No further meetings on the issue will take place until the next formal session in January 2027, and discussions about potential additional protocols to the convention – an objective championed by Russia – will have to wait until the rules of procedure have been finalized. At the close of the meeting, Saboia expressed his disappointment in strong terms, pleading for better cooperation within the committee to deliver results in the face of the growing threat of digital criminality. ‘The fight against cybercrime loses, cybercriminals are very happy with the result, they are cheering. Second, the UN loses,’ he said. ‘I think we need to have a deep reflection about this process and where it’s heading. What is the purpose of having a convention if we are going to work on this basis?’

Lessons from the UNTOC review mechanism – a failing model

The countries pushing for open participation argued that cybercrime cannot be tackled by governments alone, and that the private sector and civil society will be vital to supporting the implementation of the convention. They also asserted that emulating the closed model of the UNTOC Conference of the States Parties should be avoided, due to the restrictions it places on participation in subsidiary bodies – the technical working groups created to focus on individual issues.

The GI-TOC has consistently emphasized that the lack of engagement in this area is one of the main reasons the UNTOC’s review mechanism is failing and why its implementation is impossible to monitor. If the cybercrime convention follows the same approach, it risks suffering the same fate.

But countries opposed to the participation of non-state stakeholders in subsidiary bodies insisted that as the conference is an intergovernmental process, these groups should be excluded. They also maintained that clear restrictions should be in place regarding the subjects observers are permitted to discuss – particularly regarding the criticism of governments – and that states should have broad rights to object to any organization’s involvement.

The suggested compromise solutions included versions in which stakeholders who passed the vetting process might, in theory, be invited to subsidiary bodies, while still being excluded from specific state-only meetings and restricted from discussing certain topics. Ultimately, however, any version that allowed stakeholders to attend subsidiary meetings was deemed unacceptable by certain states, who were determined to adhere to the restrictive UNTOC model. The African Group was most emphatic, formally rejecting the chair’s final compromise on the last day of the meeting.

Fiscal pressures compound the problem

Another major challenge affecting the process is the UN’s current funding crisis. In January, Secretary-General António Guterres warned of the body’s ‘imminent financial collapse’, caused by member states’ non-payment of fees.
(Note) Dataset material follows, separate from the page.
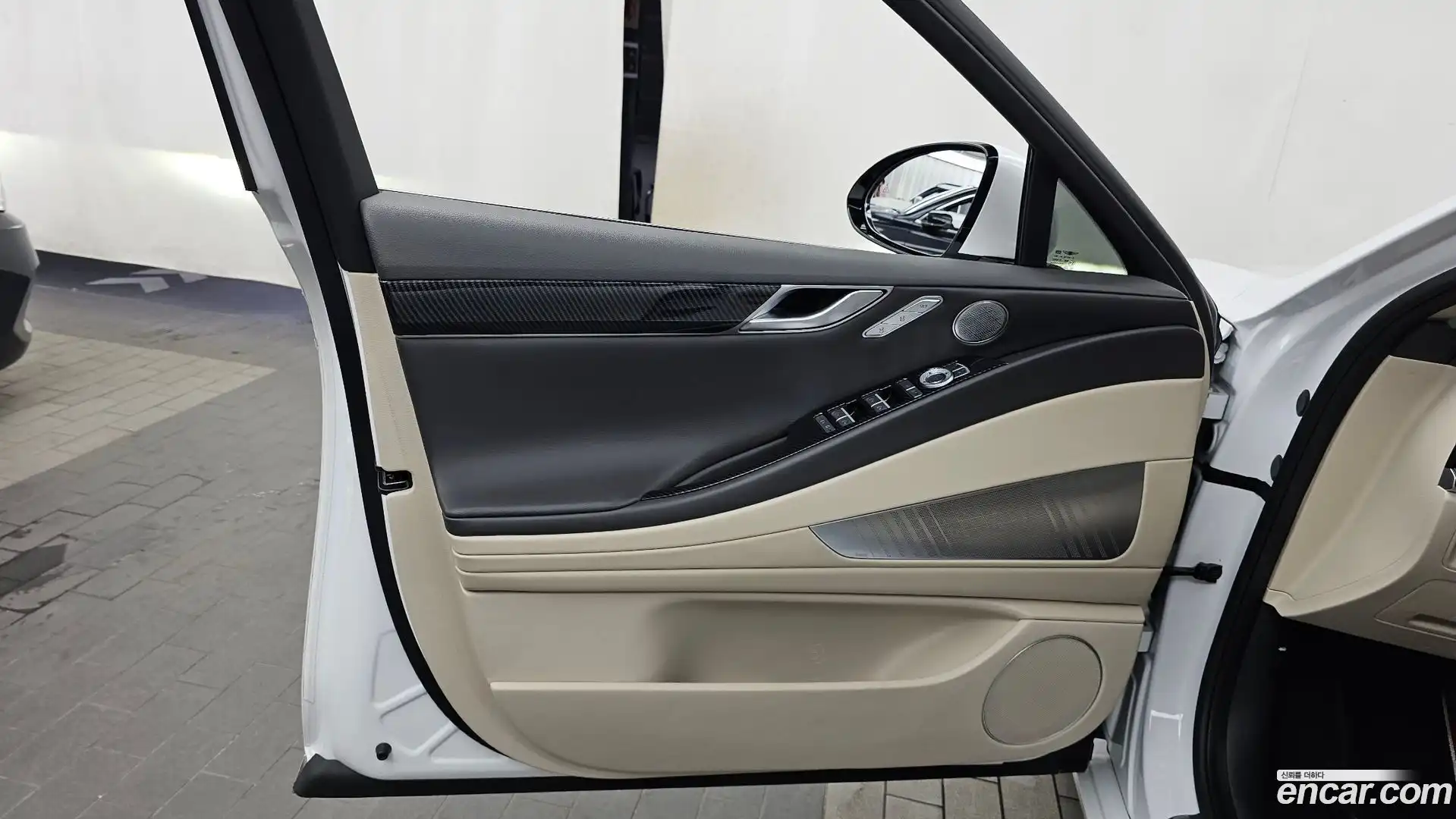 G80 Genesis 2022.2-INNER-034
Because of these constraints, the portion of the budget previously allocated to Vienna-based UN processes has been cut, and the secretariat of the cybercrime convention is unusually small and cash-strapped. Illustratively, the funding provided for the meeting could not cover a full week of interpretation, with the Vietnamese government stepping in to make up the shortfall, following its hosting of the signing ceremony last year.
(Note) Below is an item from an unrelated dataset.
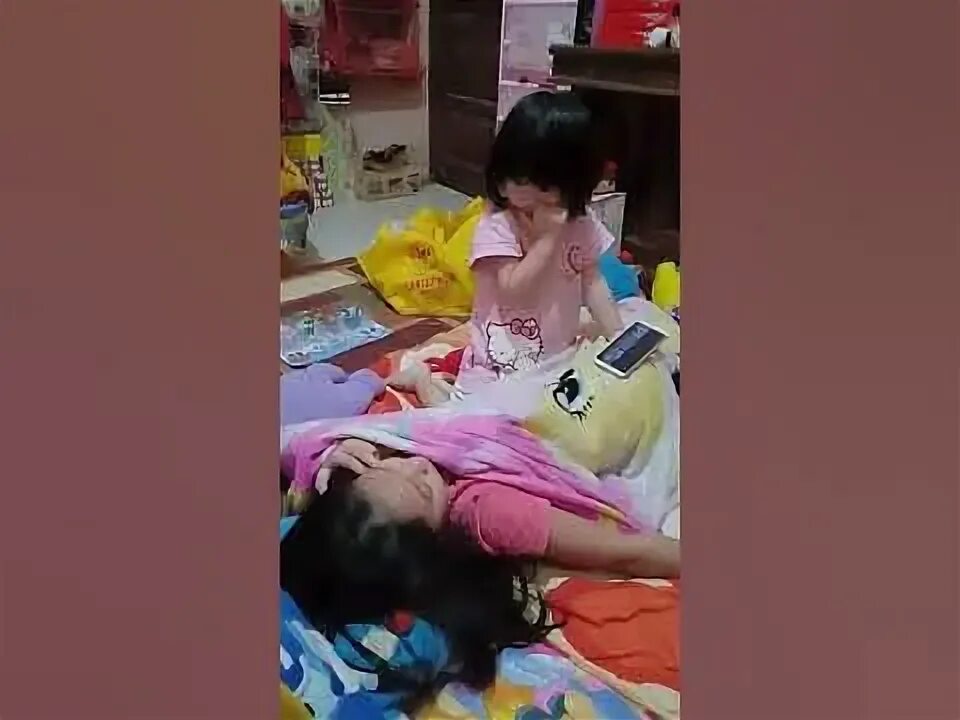 Мом sleeping son japan. Andai kaka ku tidak menggodaku. Bokep kakak tidur. Bokep kakak tidur. Kaka beradik viral.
Given the financial situation, it would be far more practicable to adopt a single set of open and efficient rules for the cybercrime treaty, rather than replicating the duplicative model of the UNTOC conference working groups (for states only) and constructive dialogues (for states and observers). It is worth noting that funding for in-person UNTOC constructive dialogues has in fact been withdrawn; from this year, they will only take place online.

The lack of progress in Vienna does not bode well for the first global cybercrime treaty. Continued opposition to multi-stakeholder participation only exacerbates the challenge, especially at a time when both the UN and multilateralism itself are under threat. The position taken by the UN Office on Drugs and Crime’s incoming executive director will be critical in steering the process forward and proving the value and potential of this new instrument. Success, however, will depend on accessing the resources, expertise and knowledge of experts and institutions outside government.